What were the social effects of World War II

The economic and social consequences

The immediate impact of World War II on the European economy is devastating. The destroyed communication networks hinder the transport of raw materials and finished products. The irregular supply of industries and damage to the production apparatus lead to a production standstill, which reduces purchasing power while the demand for numerous goods increases. Even in the victorious countries, food continues to be rationed after the end of the war, and the black market leads to dangerous social injustices. Crime, juvenile delinquency and prostitution are developing. The simultaneous rebuilding of houses and apartments, businesses and transport routes threatens to stifle the national economies. Under these circumstances, people are mostly preoccupied with everyday problems and can hardly think of a distant future. The coal shortage in the particularly severe winter of 1946/1947 triggered general strikes and mass demonstrations.

Inflation and the devaluation of the currency, which bring back memories of the economic crises and stock market crashes after the First World War, prompt European politicians to take drastic measures. The persistent gap between the demand and supply of civilian consumer goods is driving up prices and increasing internal and external budget deficits. The states borrow to finance reconstruction and to overcome social injustices. In 1944, Belgium launched a gigantic program to rehabilitate the franc by severely restricting the currency in banknotes and deposits. Key sectors of the European economy are being nationalized and modernization and infrastructure plans are gradually being implemented. While unemployment is high in large parts of Europe, some countries are paradoxically faced with labor shortages in key sectors for economic recovery. Although thousands of German prisoners of war are deployed, large-scale labor transfer programs are being launched, primarily to meet the needs of agriculture and the coal and steel industries. In these difficult circumstances, France and Belgium conclude a protocol on cooperation and immigration with Italy, whereby Italy receives the coal it desperately needs in its economy in exchange for thousands of Italian workers who are unemployed in their homeland. Between 1946 and 1955, more than 500,000 Italians emigrated to the countries of Western Europe.

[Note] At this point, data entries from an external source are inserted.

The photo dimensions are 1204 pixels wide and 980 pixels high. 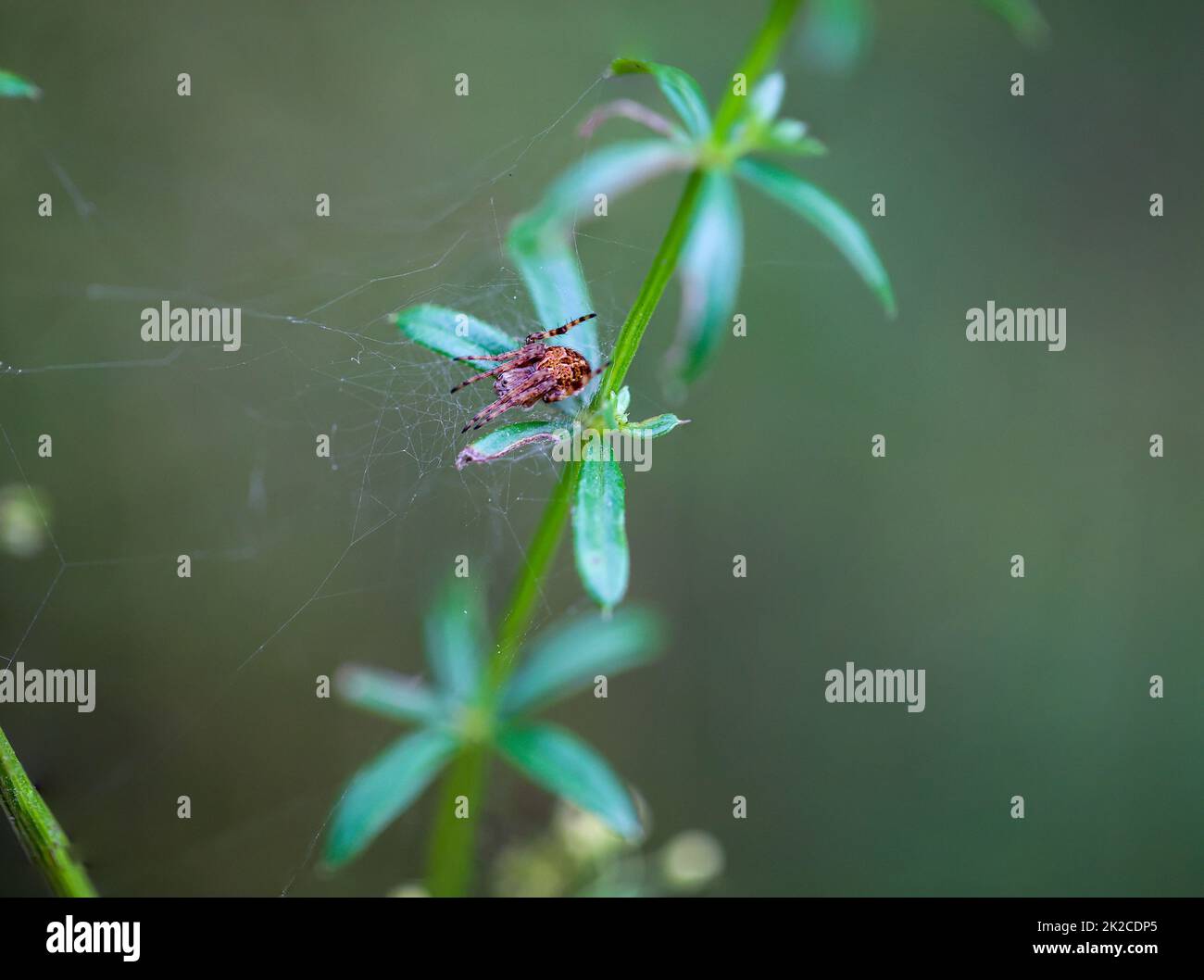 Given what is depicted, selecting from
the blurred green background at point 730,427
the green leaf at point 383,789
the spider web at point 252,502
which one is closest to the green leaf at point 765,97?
the green leaf at point 383,789

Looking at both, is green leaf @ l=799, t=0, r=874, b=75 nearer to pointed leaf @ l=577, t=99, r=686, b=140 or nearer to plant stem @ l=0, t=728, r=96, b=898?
pointed leaf @ l=577, t=99, r=686, b=140

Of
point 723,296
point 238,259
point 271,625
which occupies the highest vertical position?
point 238,259

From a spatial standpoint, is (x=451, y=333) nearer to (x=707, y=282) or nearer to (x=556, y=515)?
(x=556, y=515)

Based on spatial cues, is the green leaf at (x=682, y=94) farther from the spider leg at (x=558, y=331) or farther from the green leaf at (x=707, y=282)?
the spider leg at (x=558, y=331)

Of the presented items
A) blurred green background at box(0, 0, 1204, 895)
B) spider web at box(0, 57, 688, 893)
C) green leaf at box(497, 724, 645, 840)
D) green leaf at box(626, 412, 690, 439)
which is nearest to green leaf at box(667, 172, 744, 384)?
green leaf at box(626, 412, 690, 439)

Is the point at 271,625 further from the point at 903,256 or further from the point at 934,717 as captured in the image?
the point at 903,256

In order to promote exports and fight unemployment in the context of general economic growth in Europe, Great Britain devalued the pound sterling by 30.5% of its value in gold in 1949. This brutal cut quickly has a domino effect on the weaker European currencies. The Netherlands, the Scandinavian countries and Finland devalue their currencies to the same extent as Great Britain, Germany by 25%, France by 22% and Belgium by 12.5%.

Disappointment spreads through the misery and calls for more social justice are loud. Inadequate wages and salaries lead to numerous strikes, especially in France and Italy. The social security systems are exposed to severe burdens due to the high number of disabled people, widows and other war invalids who claim a pension. Thus the whole of society bears the high social costs of the war. In continuation of some programs developed during the war or following a cooperative tradition, the European states take measures to strengthen social security and thus lay the foundation for the modern welfare state.